Artur Mas es un político tóxico. Un politópata, si se me permite el neologismo construido por analogía con psicópata o sociópata. Un personaje manipulador que pervierte cuanto toca llevando a la destrucción a quienes confiaban en él. Así lo traslucen sus rasgos caracte-riológicos (envidioso y egocéntrico, conspirador y victimista, fabulador y fraudulento), que le asimilan al tipo de personalidad tóxica que definen los psicólogos.
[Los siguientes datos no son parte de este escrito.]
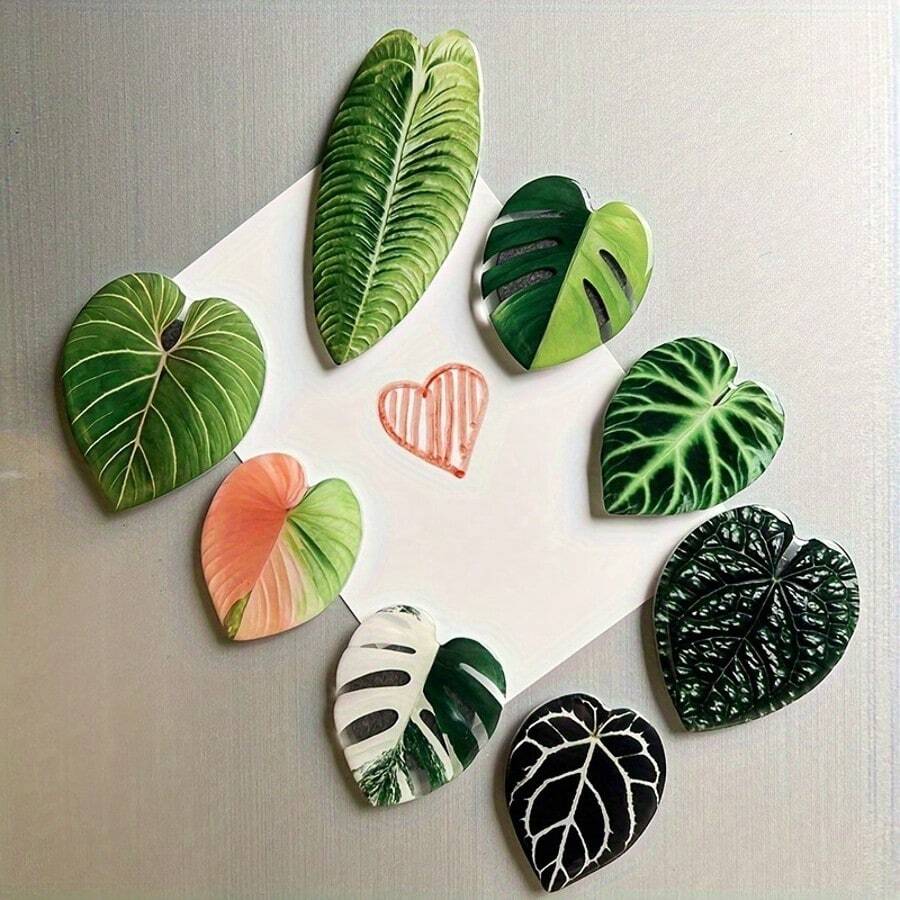 12pcs/10pcs/8pcs/4pcs Artificial Plant Leaf Fridge Magnets, Funny Decor Magnets For Kitchen And Office, Ideal For Whiteboards And Refrigerators, Holiday Gifts, Valentine's Day Gifts, Christmas Gifts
Y así lo revela su trayectoria, movida por la ambición de abrirse paso traicionando a cuantos le rodean.
Primero acabó con Miquel Roca Junyent y Josep Antoni Duran Lleida, los delfines llamados a suceder a Jordi Pujol, a fin de monopolizar el principado nacionalista. Después se propuso derribar a Pasqual Maragall haciendo fracasar su proyecto de nuevo Estatut, mediante una doble maniobra que primero forzó su radicalización soberanista en el Parlament para después pactarlo a la baja con el presidente Rodríguez Zapatero en La Moncloa.
Luego pervirtió el moderantismo conservador de su partido para abrazar el radicalismo neoliberal de los recortes austericidas. Y cuando vio que sus electores desertaban no dudó en pasarse al independentismo de ERC, a fin de fagocitarlo en su propio beneficio.
... ... ...
Lo más extraño es que con ese historial a sus espaldas haya podido llegar indemne hasta aquí. ¿Cómo es que todavía tiene un séquito dispuesto a suicidarse con él? Sin duda por su capacidad manipuladora, que le ha permitido hacer a sus cómplices unas ofertas fraudulentas que estos no supieron rechazar, quedando atrapados en una conjura de encubrimiento mutuo. Es la conocida táctica de hundir los puentes o quemar las naves, a fin de que los conjurados ya no puedan rectificar ni dar marcha atrás. Y los únicos que han logrado escapar del mortal abrazo de Mas han sido los ingenuos salvajes de la CUP, que han sabido hacer oídos sordos a sus perversos cantos de sirena.